En réalité, aucun individuel en Egypte aujourd'hui, officiel ou non officiel, ne peut prétendre que les Coptes n'ont pas de problèmes ou de plaintes. En écrivant ces lignes, je ne prétends pas parler pour les Coptes, mais je transmets simplement au lecteur ce que j'ai entendu à plusieurs reprises de la part de citoyens Coptes Egyptiens ordinaires, qui ne peuvent possiblement être classifiés comme rebelles ou extrémistes ; je suis au courant des arguments des extrémistes que je n'aborderai pas ici. Je n'écrirai donc que ce que j'ai entendu au cours des années - et que je crois être vrai –, de Coptes qu'on ne peut décrire autrement qu'étant modérés.

 

L'un des principaux griefs sur lequel on est complètement unanime dans la communauté Copte, est que le droit de construire de nouvelles églises ou d'en restaurer d'anciennes a été, jusqu'à récemment, sensiblement restreint à cause de contraintes législatives et bureaucratiques. Bien que ces contraintes aient été quelque peu relâchées, la majorité des Coptes trouvent la situation encore loin d'être satisfaisante.

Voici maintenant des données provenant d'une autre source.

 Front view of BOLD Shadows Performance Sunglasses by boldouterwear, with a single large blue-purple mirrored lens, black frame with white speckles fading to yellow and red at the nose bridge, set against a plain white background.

Je pense que la seule solution à cette situation intenable est d'unifier les lois gouvernant la construction et la restauration de tous les lieux de prière, qu'ils soient appelés mosquées ou églises. Ces lois devraient établir un règlement rationnel, applicable à tous les Egyptiens quelle que soit leur foi. Car il est totalement illogique qu'un segment de la société soit sujet à des contraintes arbitraires, tandis qu'un autre soit en train de jouir de libertés débridées là où il s'agit de construire des lieux de prière, ou de se rassembler pour prier quand et où ses membres choisissent de le faire. En effet, même quand il en résulte le chaos et des violations claires de la loi, et ceci est souvent le cas, les gens sont trop intimidés et laissent les coupables narguer la loi impunément.

 

Mais bien qu'un grief important, celui-ci est loin d'être la seule cause ou même la cause principale du sentiment que les Chrétiens ont de vivre un moment de tension, voire une crise. Certes, ce cas reflète une discrimination institutionnalisée et totalement injustifiée. Après tout, quelle possible menace la construction d'une nouvelle église pourrait-elle représenter ? Les églises sont utilisées soit pour prier, soit pour les mariages et les funérailles ; bannir ou contraindre leur construction est une violation d ‘un droit humain de base. Cependant, la communauté Copte a d'autres plaintes plus sérieuses qui pourraient être résumées comme suit :

 

- Il existe un climat général qui permet à un esprit d'intolérance religieuse de surgir à certaines périodes dans certains endroits du pays. Les Coptes sont très sensibilisés à ce phénomène ; parfois rien que de mentionner leur nom suscite une réaction hostile.

 

- Il y a parmi les Coptes un sentiment généralisé que leur participation à la vie publique a basculé au courant des cinquante dernières années ; sentiment soutenu par le fait que pas un seul Copte ne fut élu au parlement aux élections de 1995.

 

- Il y a aussi le spectre de la violence communautaire qui peut s'enflammer n'importe quand comme auparavant, notamment et entre autres, lors des incidents de Kushh.

 

Quelques remarques analysant le sentiment de malaise que les points précédents engendrent chez les Coptes peuvent être utiles.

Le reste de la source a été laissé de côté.